また、「だっこひも」には、長さを調節するひもが付いています。使うときは、ひもの長さを調整し、抱きやすい長さにしてください。
おへそより上の位置でだっこすると、お母さんも楽で、お子さんも安定しやすくなると思います。
すくすくポイント
古武術的 体の使い方「ラクちんだっこ」
長い時間だっこをしていると、ママやパパは疲れますよね。

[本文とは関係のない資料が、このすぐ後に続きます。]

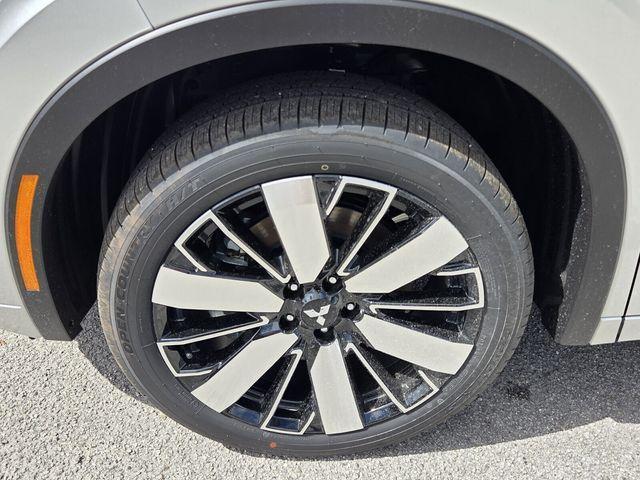 new 2026 Mitsubishi Outlander car, priced at $35,260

子どもの体重が重くなってくると、さらに大変!
肩こりや腰痛、そして腱鞘炎などに悩まされる子育て中のママは少なくありません。
そこで、今回は古武術の動きを活用した「楽になるだっこ」のヒントを紹介します。
岡田 慎一郎(理学療法士)
古武術を応用し「筋力に頼らない介護」を提唱しています。
古武術とは?
剣術や柔術のように、日本に古くから伝わる武術の総称。
古武術的「ラクちんだっこ」のしかた
ポイントは、背中の肩甲骨。
腕だけでだっこするよりも、肩甲骨を広げて背筋を意識すると、だっこがラクになります。

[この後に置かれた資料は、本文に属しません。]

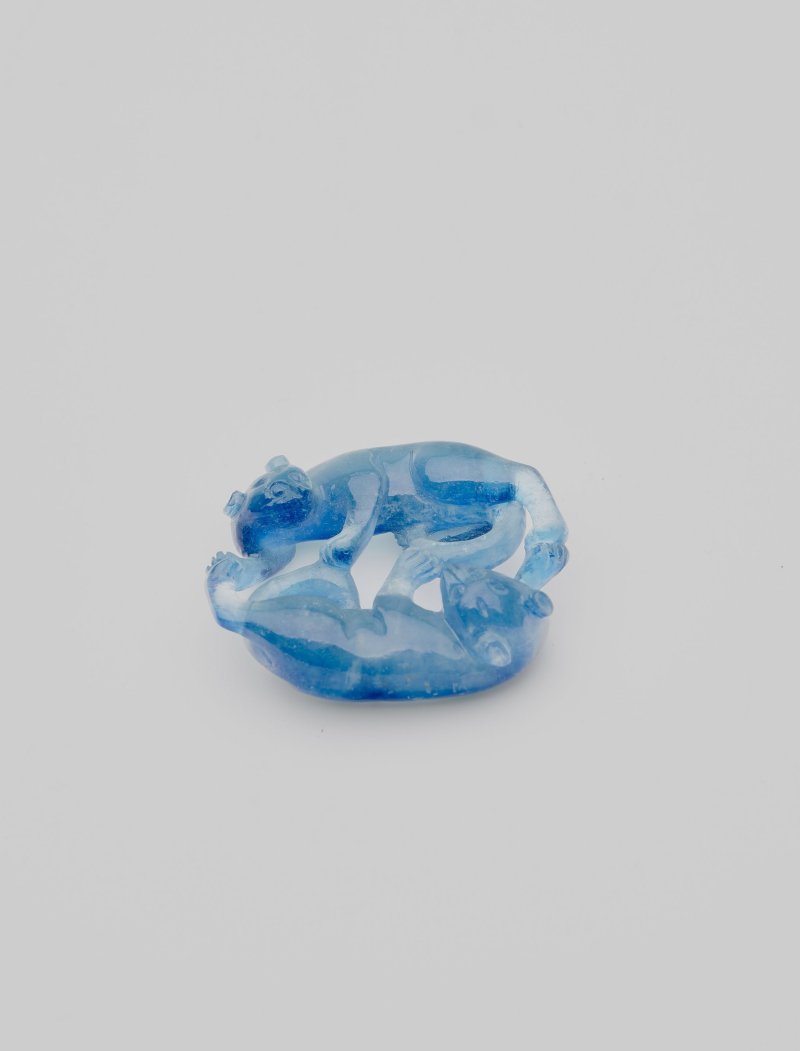 清 海藍寶雙歡擺件 | AN AQUAMARINE 'DOUBLE BADGER' PENDANT - 图5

まずは、縦抱きをしている状態で、お尻を支えている手の甲を、お尻の方に向ける。
こうすることで、肩甲骨が広がり、背中に適度な張りが生まれます。背中の力が腕に伝わりやすくなります。
そして、この背中の張りを保ちながら、さきほどお尻に向けた手の甲を、元に戻します。
次に頭を抱えている手も同じように、いったん手の甲を頭に向けて抱えてから、手のひらを返します。
見た目は普通なのですが、この方法でだっこすることで、背中から赤ちゃんを包みこむようなだっこに切り替わります。
古武術をマスターするのは難しいですが、疲れたときは手のひらを返して、肩甲骨をのばしてみてください。